## EXERCISE DETAILS
Go through the listing below and count each line with the word "Photo" in it; return only the count.

## GIVEN INFORMATION
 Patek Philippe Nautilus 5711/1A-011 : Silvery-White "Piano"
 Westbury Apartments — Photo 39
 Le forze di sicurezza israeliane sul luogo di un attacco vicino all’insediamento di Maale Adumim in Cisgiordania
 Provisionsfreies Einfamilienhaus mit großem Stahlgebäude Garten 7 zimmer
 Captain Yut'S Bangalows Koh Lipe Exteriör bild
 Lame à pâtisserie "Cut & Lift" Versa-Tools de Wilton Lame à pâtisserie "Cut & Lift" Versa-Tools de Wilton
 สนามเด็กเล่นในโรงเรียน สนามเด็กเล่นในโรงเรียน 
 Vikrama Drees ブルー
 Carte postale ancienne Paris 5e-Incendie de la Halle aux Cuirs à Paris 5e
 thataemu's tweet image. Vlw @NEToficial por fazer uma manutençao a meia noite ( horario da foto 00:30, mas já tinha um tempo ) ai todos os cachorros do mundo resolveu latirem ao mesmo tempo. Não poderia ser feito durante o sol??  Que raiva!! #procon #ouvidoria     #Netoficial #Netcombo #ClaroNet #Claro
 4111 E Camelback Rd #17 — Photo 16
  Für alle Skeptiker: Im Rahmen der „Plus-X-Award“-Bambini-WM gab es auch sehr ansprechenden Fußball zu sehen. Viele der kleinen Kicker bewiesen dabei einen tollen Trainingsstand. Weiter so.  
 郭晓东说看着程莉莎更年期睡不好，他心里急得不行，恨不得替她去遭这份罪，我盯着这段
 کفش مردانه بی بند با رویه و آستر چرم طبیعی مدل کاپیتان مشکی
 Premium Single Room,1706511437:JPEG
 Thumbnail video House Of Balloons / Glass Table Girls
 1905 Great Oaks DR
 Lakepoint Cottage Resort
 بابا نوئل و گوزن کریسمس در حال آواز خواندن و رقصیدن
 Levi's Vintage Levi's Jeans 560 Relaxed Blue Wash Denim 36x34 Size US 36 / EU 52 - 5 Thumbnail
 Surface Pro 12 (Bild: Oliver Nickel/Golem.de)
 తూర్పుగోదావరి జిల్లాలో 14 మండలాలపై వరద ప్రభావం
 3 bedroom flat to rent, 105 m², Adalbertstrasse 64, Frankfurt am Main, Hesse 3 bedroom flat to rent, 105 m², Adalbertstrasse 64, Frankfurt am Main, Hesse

## RESULT FOR THIS EXERCISE
2